Nothing but the lines from the one showing "XQS Blueberry Mint Nikotinfrei" through the final line of the data below belongs in the answer, duplicated exactly and without pictures.

[[ EXERCISE DATA open ]]

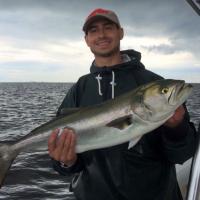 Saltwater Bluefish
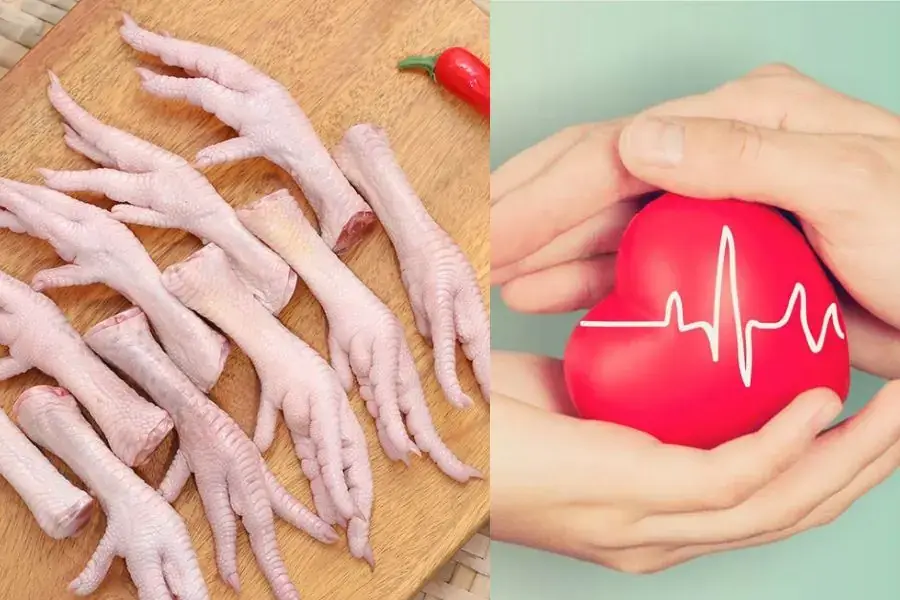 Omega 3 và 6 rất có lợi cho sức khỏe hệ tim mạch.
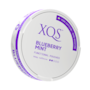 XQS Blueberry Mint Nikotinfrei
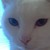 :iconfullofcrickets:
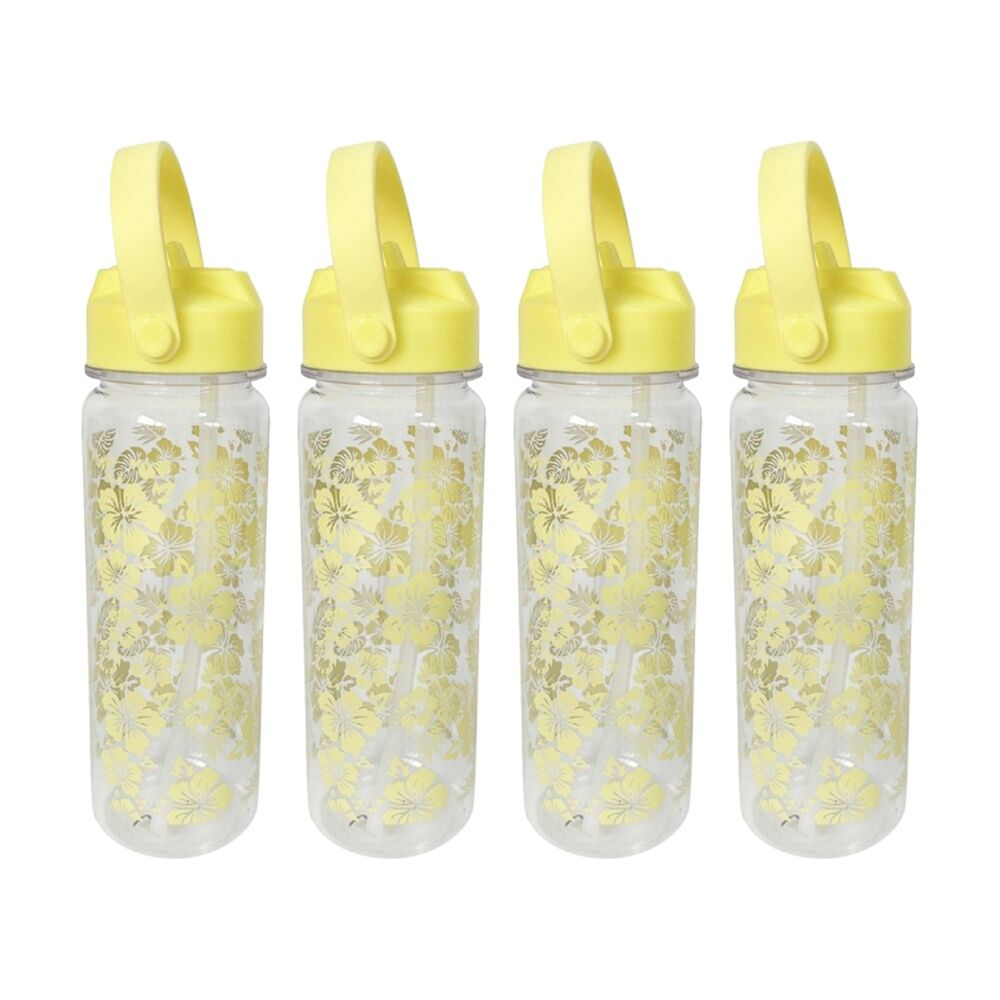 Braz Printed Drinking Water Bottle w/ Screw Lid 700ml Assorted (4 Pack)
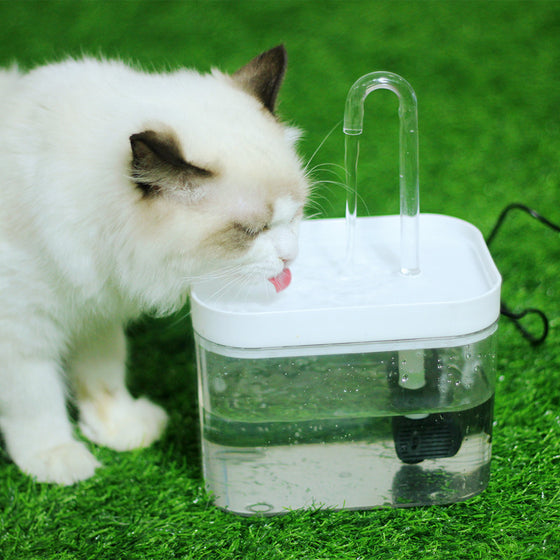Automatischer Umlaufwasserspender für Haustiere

[[ EXERCISE DATA closed ]]

_RESULT OF THE TASK_.
 XQS Blueberry Mint Nikotinfrei
 :iconfullofcrickets:
 Braz Printed Drinking Water Bottle w/ Screw Lid 700ml Assorted (4 Pack)
Automatischer Umlaufwasserspender für Haustiere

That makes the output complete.